*** Opening of Given entries ***

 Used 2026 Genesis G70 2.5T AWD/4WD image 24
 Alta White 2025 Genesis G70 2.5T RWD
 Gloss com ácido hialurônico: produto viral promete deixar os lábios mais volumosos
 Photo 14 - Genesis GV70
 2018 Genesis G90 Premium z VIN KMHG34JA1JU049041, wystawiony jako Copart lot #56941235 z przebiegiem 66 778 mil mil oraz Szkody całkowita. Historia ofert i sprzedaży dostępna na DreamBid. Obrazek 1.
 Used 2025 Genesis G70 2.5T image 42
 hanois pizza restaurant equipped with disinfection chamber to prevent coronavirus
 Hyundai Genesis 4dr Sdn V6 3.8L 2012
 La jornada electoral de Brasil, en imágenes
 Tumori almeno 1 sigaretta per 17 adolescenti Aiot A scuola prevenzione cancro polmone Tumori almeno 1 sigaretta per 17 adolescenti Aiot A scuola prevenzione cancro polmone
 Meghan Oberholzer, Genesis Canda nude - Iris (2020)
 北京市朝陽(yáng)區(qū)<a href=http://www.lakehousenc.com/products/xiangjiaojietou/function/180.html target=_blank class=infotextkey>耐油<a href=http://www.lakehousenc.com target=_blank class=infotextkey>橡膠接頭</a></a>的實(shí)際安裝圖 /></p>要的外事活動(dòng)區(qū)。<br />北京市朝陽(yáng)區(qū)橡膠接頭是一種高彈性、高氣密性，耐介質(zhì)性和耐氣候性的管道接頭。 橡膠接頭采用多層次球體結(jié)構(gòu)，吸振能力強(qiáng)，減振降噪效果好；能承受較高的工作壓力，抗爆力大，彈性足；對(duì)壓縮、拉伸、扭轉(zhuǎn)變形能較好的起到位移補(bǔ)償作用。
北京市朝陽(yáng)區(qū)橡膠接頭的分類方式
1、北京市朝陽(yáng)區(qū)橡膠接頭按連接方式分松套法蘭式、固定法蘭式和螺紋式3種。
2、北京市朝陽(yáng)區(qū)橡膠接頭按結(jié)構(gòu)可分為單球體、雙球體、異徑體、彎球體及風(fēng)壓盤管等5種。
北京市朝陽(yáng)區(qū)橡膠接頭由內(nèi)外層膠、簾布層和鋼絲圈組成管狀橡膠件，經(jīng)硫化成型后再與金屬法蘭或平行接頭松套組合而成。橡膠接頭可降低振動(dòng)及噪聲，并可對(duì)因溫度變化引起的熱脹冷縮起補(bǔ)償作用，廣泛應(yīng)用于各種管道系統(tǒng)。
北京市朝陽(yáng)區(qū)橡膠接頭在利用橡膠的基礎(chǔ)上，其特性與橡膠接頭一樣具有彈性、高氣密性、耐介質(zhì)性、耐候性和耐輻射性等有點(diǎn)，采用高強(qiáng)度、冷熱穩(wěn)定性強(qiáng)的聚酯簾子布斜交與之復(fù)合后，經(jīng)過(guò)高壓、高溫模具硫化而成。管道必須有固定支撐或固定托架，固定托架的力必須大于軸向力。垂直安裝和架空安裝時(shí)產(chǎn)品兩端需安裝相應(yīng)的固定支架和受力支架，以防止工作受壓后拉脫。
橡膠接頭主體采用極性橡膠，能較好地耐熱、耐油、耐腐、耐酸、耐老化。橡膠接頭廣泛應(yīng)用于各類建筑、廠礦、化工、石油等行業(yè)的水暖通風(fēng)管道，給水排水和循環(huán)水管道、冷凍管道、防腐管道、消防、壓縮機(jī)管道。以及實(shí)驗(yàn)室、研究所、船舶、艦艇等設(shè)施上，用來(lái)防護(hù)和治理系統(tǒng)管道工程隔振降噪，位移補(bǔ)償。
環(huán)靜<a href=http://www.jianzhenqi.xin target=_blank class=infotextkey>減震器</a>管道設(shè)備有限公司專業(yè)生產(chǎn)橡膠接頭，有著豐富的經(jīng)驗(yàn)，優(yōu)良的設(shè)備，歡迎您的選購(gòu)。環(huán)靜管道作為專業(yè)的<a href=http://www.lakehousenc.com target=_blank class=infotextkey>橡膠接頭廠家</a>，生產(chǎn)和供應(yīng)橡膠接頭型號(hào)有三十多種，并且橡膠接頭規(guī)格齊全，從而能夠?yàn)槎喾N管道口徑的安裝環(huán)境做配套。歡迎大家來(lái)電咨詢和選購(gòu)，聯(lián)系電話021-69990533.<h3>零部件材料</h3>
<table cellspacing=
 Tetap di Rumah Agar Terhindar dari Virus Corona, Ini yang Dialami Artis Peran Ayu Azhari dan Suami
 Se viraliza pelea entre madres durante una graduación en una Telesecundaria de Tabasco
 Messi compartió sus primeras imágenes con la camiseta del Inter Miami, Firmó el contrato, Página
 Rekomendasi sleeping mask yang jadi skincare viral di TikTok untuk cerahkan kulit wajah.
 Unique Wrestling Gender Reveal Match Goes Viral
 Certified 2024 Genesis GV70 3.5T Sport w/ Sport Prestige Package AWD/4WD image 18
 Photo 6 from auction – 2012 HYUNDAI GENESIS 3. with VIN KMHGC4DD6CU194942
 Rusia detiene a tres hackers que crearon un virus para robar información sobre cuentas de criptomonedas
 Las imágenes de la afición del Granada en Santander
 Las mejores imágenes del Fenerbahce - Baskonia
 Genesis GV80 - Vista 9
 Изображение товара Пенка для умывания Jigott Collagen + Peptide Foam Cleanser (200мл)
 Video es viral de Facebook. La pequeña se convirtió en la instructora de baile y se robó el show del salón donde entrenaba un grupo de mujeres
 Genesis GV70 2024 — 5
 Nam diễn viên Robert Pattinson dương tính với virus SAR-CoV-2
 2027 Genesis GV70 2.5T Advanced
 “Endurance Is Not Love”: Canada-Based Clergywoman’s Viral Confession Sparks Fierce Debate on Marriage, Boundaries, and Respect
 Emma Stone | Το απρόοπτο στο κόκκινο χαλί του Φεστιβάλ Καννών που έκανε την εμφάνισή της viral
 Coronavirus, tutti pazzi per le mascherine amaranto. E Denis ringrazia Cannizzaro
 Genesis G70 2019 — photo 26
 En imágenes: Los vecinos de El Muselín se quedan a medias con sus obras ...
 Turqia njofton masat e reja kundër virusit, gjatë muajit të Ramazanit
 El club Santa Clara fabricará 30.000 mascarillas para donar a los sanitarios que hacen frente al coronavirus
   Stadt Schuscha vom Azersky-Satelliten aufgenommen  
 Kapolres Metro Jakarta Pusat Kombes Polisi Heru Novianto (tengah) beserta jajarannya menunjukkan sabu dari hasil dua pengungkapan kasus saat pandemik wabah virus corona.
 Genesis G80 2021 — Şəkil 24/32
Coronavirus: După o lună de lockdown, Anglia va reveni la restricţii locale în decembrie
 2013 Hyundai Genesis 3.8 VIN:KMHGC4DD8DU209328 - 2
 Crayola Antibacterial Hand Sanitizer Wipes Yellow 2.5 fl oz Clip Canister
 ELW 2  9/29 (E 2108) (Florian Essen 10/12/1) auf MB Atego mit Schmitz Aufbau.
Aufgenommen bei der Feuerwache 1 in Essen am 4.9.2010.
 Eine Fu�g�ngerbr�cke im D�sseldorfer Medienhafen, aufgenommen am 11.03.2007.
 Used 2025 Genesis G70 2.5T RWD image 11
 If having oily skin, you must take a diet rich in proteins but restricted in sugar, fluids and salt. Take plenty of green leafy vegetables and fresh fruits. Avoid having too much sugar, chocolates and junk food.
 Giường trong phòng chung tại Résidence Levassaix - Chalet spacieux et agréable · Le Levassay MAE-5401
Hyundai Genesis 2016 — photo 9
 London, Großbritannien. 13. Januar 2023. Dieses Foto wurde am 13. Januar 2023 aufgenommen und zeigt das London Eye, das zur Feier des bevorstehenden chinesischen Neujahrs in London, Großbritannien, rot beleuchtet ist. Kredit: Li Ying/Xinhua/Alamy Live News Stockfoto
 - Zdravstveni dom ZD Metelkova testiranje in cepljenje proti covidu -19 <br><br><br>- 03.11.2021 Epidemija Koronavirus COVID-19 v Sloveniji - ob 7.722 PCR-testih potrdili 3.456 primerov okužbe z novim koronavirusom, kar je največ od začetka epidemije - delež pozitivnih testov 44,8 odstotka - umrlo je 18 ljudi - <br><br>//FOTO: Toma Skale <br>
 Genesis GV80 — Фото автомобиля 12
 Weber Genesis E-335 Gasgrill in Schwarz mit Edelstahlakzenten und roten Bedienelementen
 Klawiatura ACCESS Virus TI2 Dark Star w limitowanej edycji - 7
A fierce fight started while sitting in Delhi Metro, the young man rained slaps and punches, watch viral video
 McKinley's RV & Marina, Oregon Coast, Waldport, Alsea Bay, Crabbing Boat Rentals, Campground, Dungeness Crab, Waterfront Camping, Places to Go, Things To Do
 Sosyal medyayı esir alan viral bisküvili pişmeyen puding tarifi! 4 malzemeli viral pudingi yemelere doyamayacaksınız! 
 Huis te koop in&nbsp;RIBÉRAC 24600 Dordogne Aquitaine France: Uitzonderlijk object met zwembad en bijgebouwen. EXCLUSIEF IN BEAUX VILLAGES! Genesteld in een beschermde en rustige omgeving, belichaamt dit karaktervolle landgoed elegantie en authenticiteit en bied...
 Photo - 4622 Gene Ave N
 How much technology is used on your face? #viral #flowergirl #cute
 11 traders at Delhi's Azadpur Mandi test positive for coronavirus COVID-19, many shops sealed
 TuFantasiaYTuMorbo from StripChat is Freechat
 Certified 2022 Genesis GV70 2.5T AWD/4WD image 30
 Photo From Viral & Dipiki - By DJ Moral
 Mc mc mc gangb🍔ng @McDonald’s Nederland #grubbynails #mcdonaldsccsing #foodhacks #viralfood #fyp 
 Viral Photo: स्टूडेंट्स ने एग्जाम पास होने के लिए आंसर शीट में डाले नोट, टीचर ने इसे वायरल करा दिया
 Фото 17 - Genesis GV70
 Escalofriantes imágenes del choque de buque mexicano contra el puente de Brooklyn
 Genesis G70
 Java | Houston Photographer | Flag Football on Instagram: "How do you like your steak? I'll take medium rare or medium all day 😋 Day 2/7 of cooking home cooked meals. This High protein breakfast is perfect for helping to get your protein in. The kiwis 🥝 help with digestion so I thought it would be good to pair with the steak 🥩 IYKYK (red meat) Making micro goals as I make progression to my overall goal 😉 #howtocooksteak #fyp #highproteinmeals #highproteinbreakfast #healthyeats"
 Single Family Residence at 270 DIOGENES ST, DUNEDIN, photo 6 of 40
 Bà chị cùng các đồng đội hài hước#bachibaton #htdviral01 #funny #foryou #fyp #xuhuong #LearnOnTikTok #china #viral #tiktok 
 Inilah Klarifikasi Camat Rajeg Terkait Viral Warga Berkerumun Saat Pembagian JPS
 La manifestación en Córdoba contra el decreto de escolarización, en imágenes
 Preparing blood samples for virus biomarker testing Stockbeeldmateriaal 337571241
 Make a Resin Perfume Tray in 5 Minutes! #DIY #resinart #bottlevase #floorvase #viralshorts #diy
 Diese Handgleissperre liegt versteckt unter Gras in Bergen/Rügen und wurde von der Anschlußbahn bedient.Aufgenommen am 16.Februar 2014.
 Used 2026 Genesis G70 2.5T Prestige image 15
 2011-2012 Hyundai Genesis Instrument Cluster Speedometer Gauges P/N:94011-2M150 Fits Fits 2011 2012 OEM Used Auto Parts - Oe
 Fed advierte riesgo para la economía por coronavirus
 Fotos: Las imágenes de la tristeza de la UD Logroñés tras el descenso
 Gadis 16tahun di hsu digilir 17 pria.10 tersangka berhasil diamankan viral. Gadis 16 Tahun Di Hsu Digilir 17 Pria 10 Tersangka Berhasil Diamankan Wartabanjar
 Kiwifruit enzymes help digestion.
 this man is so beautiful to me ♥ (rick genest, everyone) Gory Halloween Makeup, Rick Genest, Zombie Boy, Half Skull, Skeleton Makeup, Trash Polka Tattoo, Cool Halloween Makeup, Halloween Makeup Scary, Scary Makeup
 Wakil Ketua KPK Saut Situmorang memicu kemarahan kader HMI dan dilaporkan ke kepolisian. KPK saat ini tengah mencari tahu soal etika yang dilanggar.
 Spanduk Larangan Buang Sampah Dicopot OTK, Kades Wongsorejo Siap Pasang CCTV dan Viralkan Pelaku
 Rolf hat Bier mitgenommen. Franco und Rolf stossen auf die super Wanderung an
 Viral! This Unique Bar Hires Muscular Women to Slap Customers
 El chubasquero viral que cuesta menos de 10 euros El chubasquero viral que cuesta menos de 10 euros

*** Close of Given entries ***

The word "Prestige" appears in some of the lines above. Copy those lines.

## Output below
 Certified 2024 Genesis GV70 3.5T Sport w/ Sport Prestige Package AWD/4WD image 18
 Used 2026 Genesis G70 2.5T Prestige image 15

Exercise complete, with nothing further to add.